DATA FOR THE TASK below:
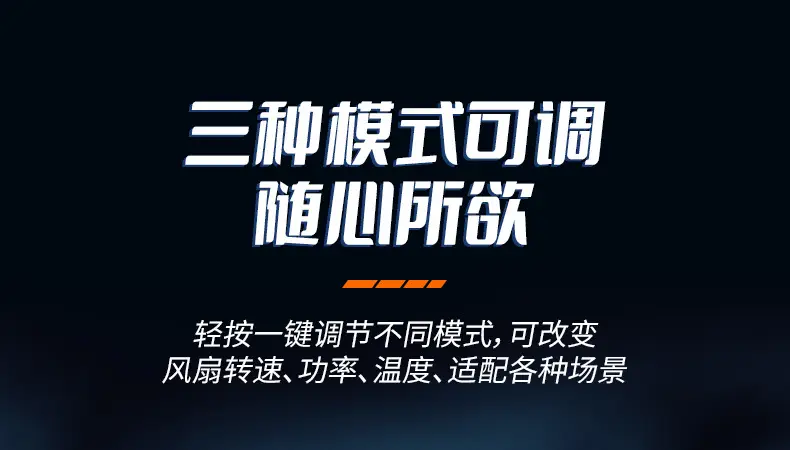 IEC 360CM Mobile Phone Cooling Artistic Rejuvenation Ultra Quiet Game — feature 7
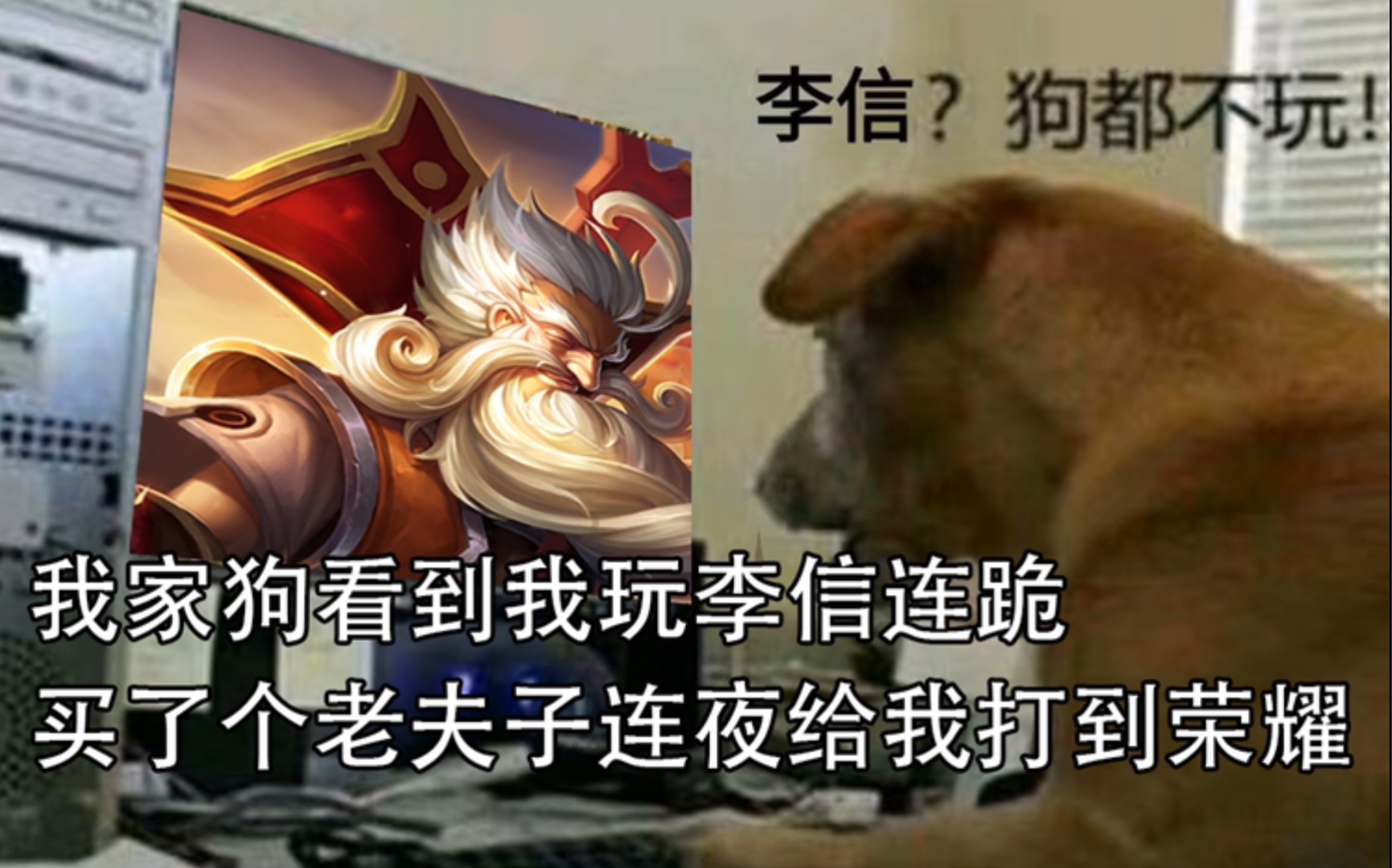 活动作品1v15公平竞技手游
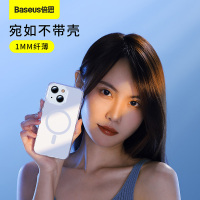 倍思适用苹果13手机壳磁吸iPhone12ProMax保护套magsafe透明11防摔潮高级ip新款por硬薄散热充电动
End of DATA FOR THE TASK.
DATA FOR THE TASK below:
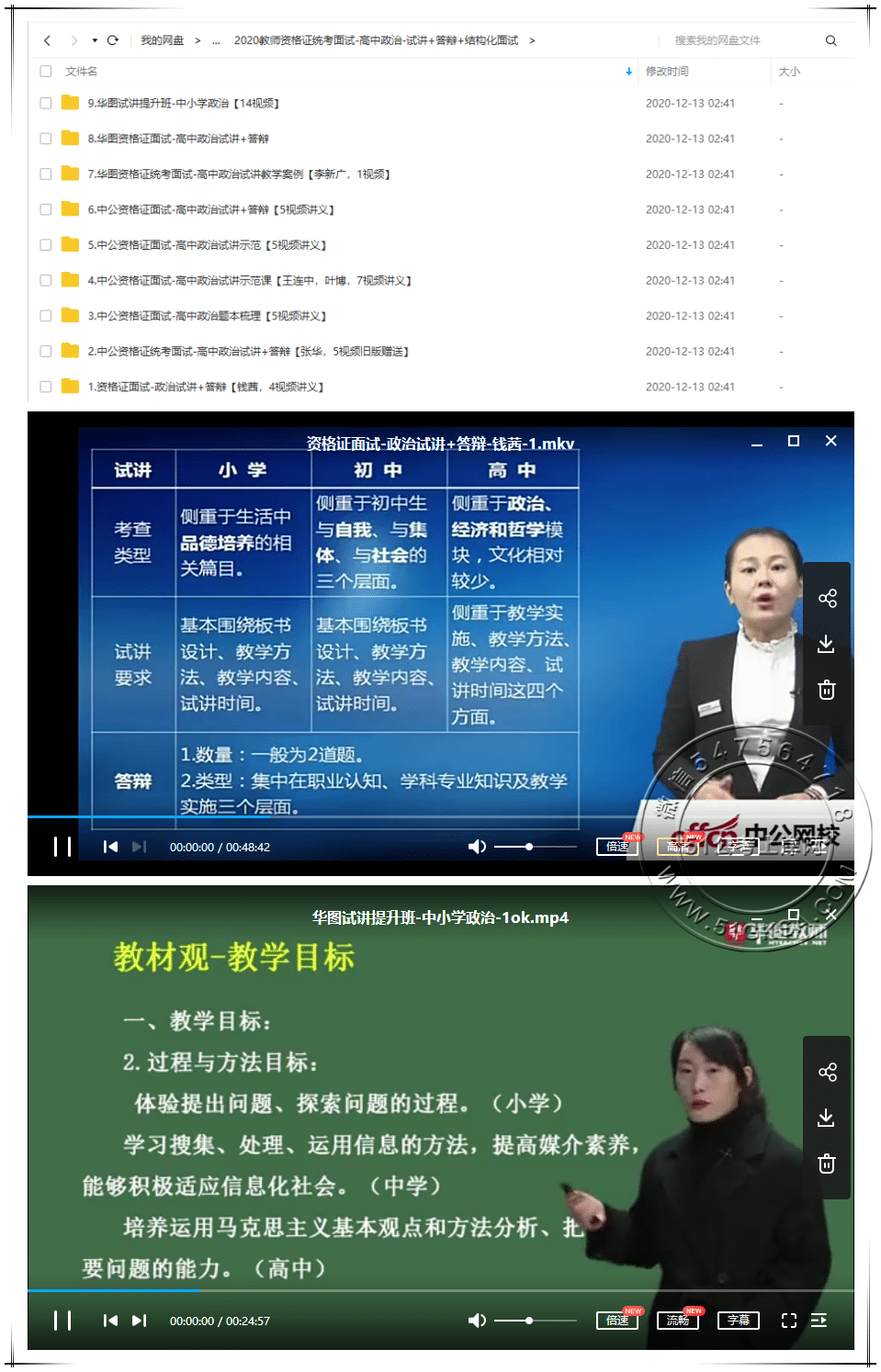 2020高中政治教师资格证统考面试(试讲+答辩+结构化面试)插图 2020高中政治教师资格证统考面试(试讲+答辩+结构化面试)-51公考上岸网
End of DATA FOR THE TASK.
WHAT IS REQUIRED » Reproduce the listing above exactly from the line containing "活动作品1v15公平竞技手游" up to and including the line containing "倍思适用苹果13手机壳磁吸i", omitting any images and everything outside those lines.

ANSWER TO THE PROBLEM »
 活动作品1v15公平竞技手游
 倍思适用苹果13手机壳磁吸iPhone12ProMax保护套magsafe透明11防摔潮高级ip新款por硬薄散热充电动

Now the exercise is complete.